Enhancing Subsurface Thermal Structures Reconstruction via a Dual-Branch Framework Integrating Surface Remote Sensing and Model-Predicted Upper-Layer Fields

Driven by satellite remote sensing observations, deep learning models provide a promising solution for the rapid estimation of subsurface thermohaline structures. By learning from large-scale paired surface–subsurface datasets, these models establish nonlinear mappings between surface variables (e.g., sea surface height, temperature, wind, and heat flux) and interior ocean features, enabling data-driven reconstruction of the underwater environment. However, limited attention to subsurface stratification and mesoscale variability often results in reduced accuracy in dynamically active regions, such as the Kuroshio Extension.
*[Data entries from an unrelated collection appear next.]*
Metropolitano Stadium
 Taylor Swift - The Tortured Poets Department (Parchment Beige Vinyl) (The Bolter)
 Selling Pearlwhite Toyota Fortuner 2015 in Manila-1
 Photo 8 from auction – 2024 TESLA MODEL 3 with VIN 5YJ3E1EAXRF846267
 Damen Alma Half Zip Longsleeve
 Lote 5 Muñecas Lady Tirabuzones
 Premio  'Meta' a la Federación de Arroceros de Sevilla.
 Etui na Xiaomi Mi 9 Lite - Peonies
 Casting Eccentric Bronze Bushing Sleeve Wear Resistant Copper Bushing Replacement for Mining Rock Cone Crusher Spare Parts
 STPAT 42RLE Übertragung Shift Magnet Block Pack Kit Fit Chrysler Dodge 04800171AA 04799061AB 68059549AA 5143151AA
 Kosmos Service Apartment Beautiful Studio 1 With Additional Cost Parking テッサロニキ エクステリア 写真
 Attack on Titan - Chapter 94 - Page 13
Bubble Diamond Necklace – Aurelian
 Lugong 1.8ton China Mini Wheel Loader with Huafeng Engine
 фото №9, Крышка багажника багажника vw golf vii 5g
To overcome these limitations, we propose a dual-branch deep learning architecture that integrates both surface observations and subsurface features to improve subsurface temperature reconstruction. A layerwise progressive reconstruction strategy is incorporated, allowing model-predicted upper-layer fields to inform deeper-layer estimations. The model is evaluated using GLORYS12V1 reanalysis data in the northwestern Pacific, with a focus on the Kuroshio Extension. Results indicate that the proposed framework outperforms conventional surface-driven approaches, particularly within and below the thermocline. It achieves reduced anomalous deviations, improved structural coherence, and better generalization in nearshore regions with sparse training data. Spectral analysis further confirms that the subsurface vertical structure extraction branch effectively suppresses high-frequency noise while preserving mid- and low-frequency energy, supporting the model’s capacity to recover multiscale thermal features.